Time 20 19-02-0 1? 3: 30 p.m.
Lecturer Liu
Venue: Audio-visual classroom on the fourth floor
Data cleaning is the key link of data governance, which refers to the process of reviewing, verifying and processing the obtained original data (also known as "dirty data"), with the purpose of deleting duplicate information, correcting erroneous information and maintaining data consistency.
Generally speaking, data cleaning is mainly to debug, empty and rework data.
For the data table containing name, ID number and license plate number, the error correction rules are established as follows:
1. The license plate number contains neither gan nor rao.
2. The year of ID number is neither equal to 19 nor equal to 20, the month of ID number is greater than 12, and the date of ID number is greater than 3 1.
3. The digits of the ID number are not equal to 18.

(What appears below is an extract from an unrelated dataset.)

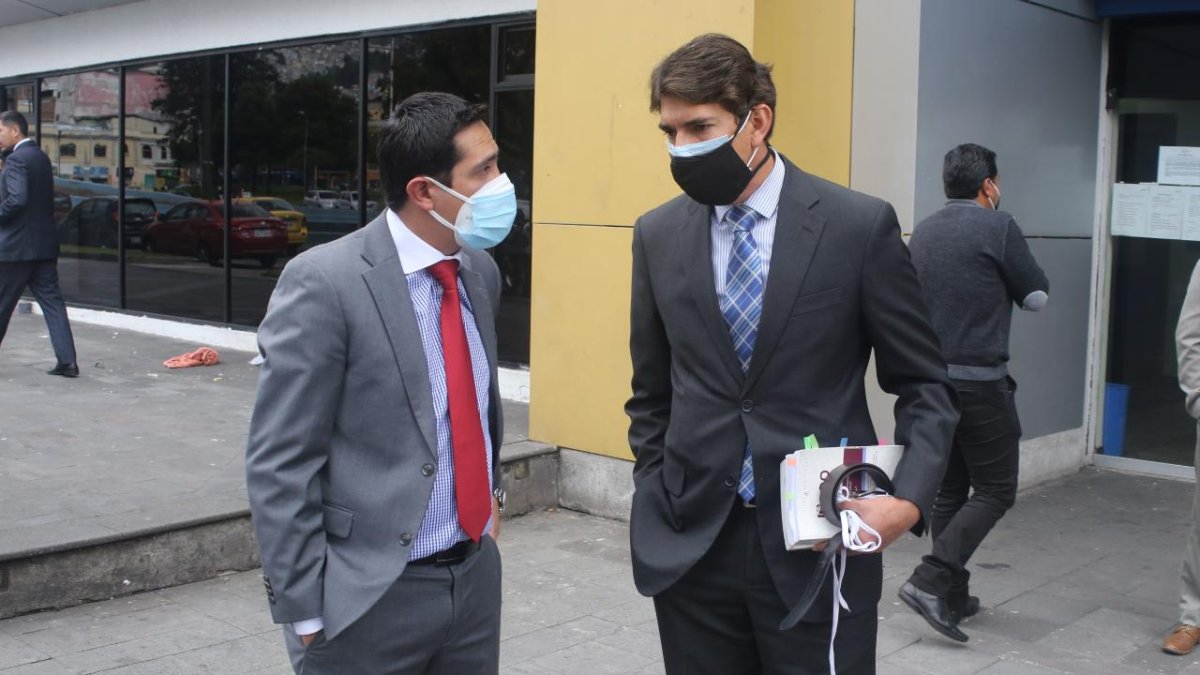 Defensa. Abogados de los detenidos en el caso de peculado en inversiones del Isspol estuvieron este jueves en Flagrancia.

4. Name length is less than or equal to 1.
Second, go empty.
For key data, it is not allowed to be empty. For this kind of data, it is necessary to query whether there is a null value.
Third, go to weight.
In a table, some data columns are allowed to repeat, while others are not. For example, in an owner information form, the name and ID number can be repeated, because there are cases where one person registers multiple cars, and this repetition cannot be considered as an error. However, the license plate number cannot be duplicated, otherwise there will be business logic errors. So for the license plate number data column, you need to copy it.
Duplicate data can be listed by the following SQL statement:
To sum up, data cleaning should not only understand the technology, but also understand the business, otherwise the cleaning rules cannot be formulated correctly, which leads to the data cleaning becoming a mere formality and the cleaning effect cannot be achieved.